--- Information provided ---

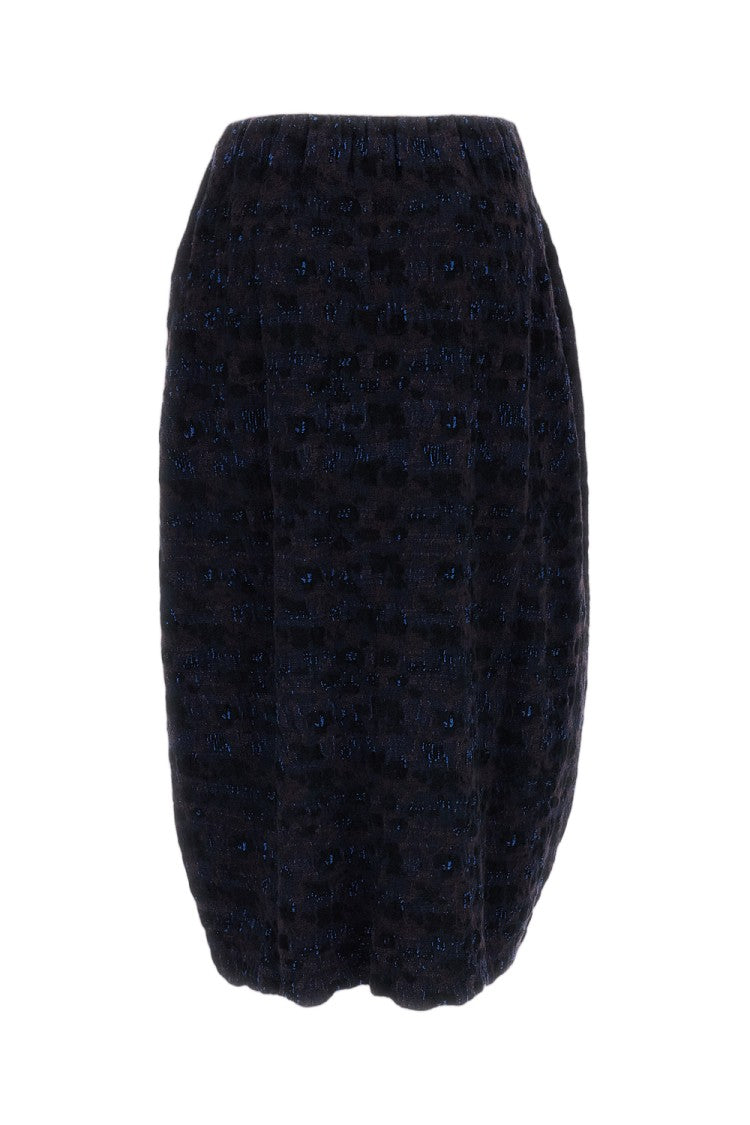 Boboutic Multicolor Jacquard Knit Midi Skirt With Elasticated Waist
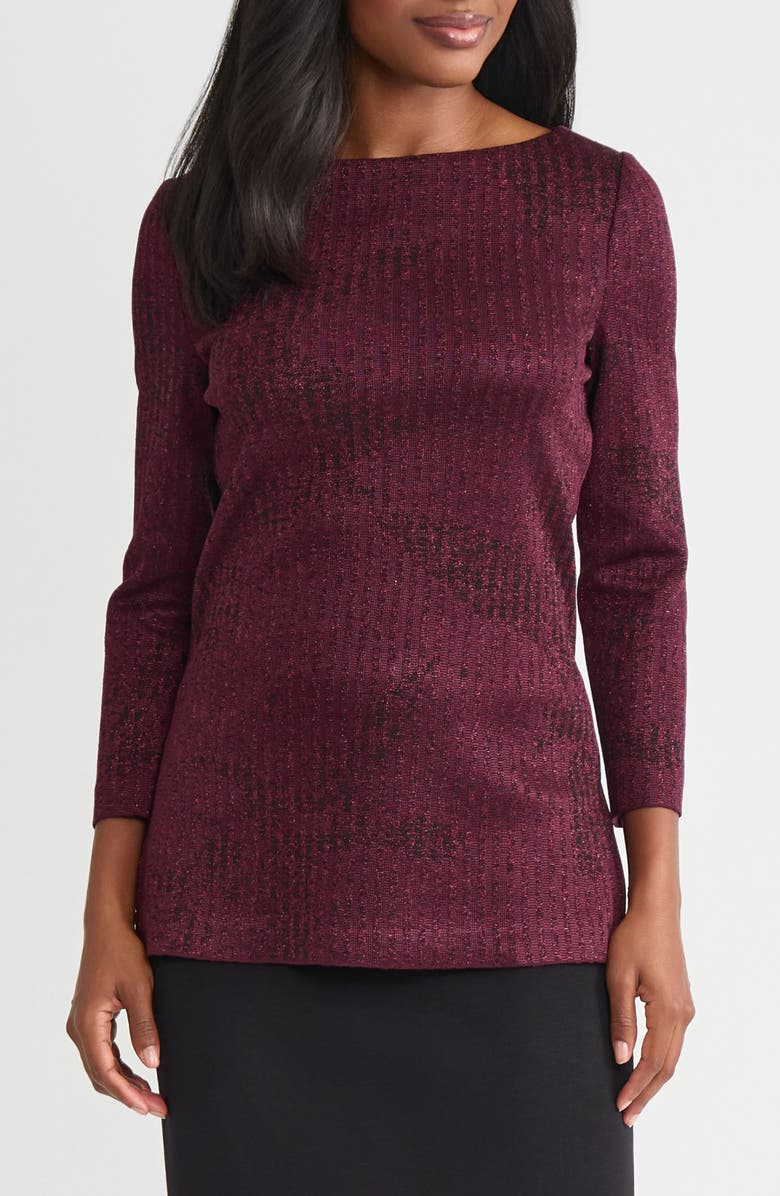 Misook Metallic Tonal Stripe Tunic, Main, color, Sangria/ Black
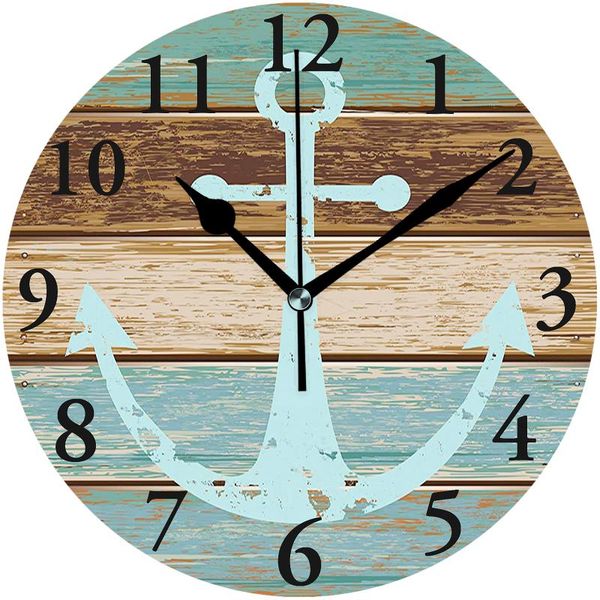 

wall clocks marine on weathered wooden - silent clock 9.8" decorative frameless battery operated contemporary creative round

--- What is expected ---
Minus its pictures, the full listing should be copied verbatim.

--- Solution to this task ---
 Boboutic Multicolor Jacquard Knit Midi Skirt With Elasticated Waist
 Misook Metallic Tonal Stripe Tunic, Main, color, Sangria/ Black

wall clocks marine on weathered wooden - silent clock 9.8" decorative frameless battery operated contemporary creative round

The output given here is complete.